日本に居るときは大の和食党で、朝はご飯に昆布とかつおのだしの効いた味噌汁。昼はパスタをふくむ麺類が主で、夜は牛肉、豚肉、鶏肉は週に一回程度、後は毎日魚で、たいがい刺身、あとは焼き魚やしめ鯖など。たらこにちりめんじゃこがあれば言うことなし。野菜は根菜の煮付けや簡単にゆでて塩とオリーブオイルであえる。その他納豆、豆腐、つけもの、のりと割合、変化のないメニューだが、それぞれがうまいので飽きることはない。もちろん日本酒も。
旅に出るときは、食についてかなり心配した。出発に当たっては、大量の日本食材を持っていった。とくに昆布とかつおぶしはあきれるほど沢山もっていった。しかし、不思議なことに旅先では食べたいものが変わる。
最初は東南アジアのベトナムやマレーシア、カンボジアから回ったのだが、いずれも麺文化の本家で、中華風の食べ物も豊富だ。特に日本食を欲することはなかった。米とうどん(フォー)があるからだろうと思う。
一気にモロッコに飛んだ。
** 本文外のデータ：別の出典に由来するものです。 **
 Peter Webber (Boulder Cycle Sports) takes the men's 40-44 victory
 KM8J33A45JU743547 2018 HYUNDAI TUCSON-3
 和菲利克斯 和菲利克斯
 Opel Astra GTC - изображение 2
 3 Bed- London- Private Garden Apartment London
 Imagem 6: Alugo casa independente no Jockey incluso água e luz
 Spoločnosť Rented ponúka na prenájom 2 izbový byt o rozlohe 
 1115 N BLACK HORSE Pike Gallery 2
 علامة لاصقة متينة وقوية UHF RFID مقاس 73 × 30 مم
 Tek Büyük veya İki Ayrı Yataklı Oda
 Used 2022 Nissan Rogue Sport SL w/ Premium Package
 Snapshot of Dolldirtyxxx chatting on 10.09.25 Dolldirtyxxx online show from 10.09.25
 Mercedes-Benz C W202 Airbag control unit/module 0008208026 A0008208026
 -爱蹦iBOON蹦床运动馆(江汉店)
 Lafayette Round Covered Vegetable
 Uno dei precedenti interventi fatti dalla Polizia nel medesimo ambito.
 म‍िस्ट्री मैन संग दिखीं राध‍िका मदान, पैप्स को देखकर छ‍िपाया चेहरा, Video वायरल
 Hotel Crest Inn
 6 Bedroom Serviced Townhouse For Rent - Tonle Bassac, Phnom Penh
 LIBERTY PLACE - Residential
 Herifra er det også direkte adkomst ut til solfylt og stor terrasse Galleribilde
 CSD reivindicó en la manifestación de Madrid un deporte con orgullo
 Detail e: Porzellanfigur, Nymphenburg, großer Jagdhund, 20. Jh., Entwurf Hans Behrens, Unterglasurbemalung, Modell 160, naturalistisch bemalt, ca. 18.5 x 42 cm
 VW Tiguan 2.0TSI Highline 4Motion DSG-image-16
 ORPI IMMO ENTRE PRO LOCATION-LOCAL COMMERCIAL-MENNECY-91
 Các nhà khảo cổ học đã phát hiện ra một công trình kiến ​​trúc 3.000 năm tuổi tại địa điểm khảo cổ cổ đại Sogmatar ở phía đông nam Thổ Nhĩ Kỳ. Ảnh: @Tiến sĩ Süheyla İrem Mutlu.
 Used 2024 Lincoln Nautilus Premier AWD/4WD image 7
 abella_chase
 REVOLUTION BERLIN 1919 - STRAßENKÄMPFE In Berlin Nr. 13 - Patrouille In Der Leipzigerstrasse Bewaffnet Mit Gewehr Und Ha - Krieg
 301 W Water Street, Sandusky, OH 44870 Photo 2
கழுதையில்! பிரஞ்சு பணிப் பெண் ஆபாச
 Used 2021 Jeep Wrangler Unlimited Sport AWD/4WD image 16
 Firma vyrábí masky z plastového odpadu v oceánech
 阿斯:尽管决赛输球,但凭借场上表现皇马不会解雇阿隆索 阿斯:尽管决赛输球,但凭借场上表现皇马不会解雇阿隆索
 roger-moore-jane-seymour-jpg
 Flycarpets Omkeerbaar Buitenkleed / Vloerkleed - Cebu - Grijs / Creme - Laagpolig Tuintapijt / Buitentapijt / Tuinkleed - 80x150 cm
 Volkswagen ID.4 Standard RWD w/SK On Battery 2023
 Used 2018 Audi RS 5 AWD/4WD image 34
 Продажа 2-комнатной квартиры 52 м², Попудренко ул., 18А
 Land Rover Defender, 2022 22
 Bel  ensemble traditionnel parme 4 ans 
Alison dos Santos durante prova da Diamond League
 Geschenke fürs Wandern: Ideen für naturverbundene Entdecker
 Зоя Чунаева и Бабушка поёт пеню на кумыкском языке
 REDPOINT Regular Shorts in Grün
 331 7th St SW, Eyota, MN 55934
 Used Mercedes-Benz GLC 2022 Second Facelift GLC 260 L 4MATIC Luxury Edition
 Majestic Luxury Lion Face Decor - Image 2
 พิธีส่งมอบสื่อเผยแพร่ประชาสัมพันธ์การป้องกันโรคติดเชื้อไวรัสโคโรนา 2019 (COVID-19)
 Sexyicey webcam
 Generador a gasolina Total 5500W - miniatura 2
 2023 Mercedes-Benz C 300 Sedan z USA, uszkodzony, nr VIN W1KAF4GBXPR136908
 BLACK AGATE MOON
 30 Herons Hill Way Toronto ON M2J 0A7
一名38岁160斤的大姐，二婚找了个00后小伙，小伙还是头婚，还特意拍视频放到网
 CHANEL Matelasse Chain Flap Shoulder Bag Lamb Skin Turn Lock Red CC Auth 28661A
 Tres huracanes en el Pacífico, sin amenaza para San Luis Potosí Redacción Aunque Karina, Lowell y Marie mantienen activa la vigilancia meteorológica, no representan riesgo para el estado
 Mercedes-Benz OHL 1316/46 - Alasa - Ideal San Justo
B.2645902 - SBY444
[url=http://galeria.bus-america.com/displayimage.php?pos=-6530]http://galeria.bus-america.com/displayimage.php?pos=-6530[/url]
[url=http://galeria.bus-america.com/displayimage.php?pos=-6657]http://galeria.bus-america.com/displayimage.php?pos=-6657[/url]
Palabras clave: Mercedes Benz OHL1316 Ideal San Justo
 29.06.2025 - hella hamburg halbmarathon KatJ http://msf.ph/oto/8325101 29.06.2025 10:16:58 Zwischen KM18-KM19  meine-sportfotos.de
ここでは肉はいわずと知れた羊だ。昔、当時の村山首相が訪問先で羊肉がまったくあわなかったことを記憶しているが、私は全く問題なしであった。娘が家で日本食を作ってくれたので、それなりに満たされたのかもしれないが、乾燥した砂漠の風土では、日本食は少々頼りない感じもする。羊肉がからっとしていて、脂っぽくない。炭火で焼いてたまねぎで食うと食欲がどんどんでる。
それに豆の煮た簡単、素朴な料理が驚くほどうまい。トマトも必須の付けあわせだ。土地土地でシンプルな伝統食を食べると、その栄養バランスが整っていることに感心する。肉食民族とか言われるが、決して肉ばかり多量に食べるわけではない。観察していると、穀類、豆類、果実、オリーブオイルと香辛料をバランスよく食べている。
南米アルゼンチンやチリでは牛肉がうまい。シンプルなステーキのうまい店が多かった。塩と胡椒だけで食べる。体がこのような風土に適応してしまうのか肉を要求する。魚は体のことを考えて意識的に食べる。しかし、日本料理店は行かないので刺身は望むべくもない。切り身の焼き魚になるが、ツナステーキなど、やはり肉の代用品と考えている気がする。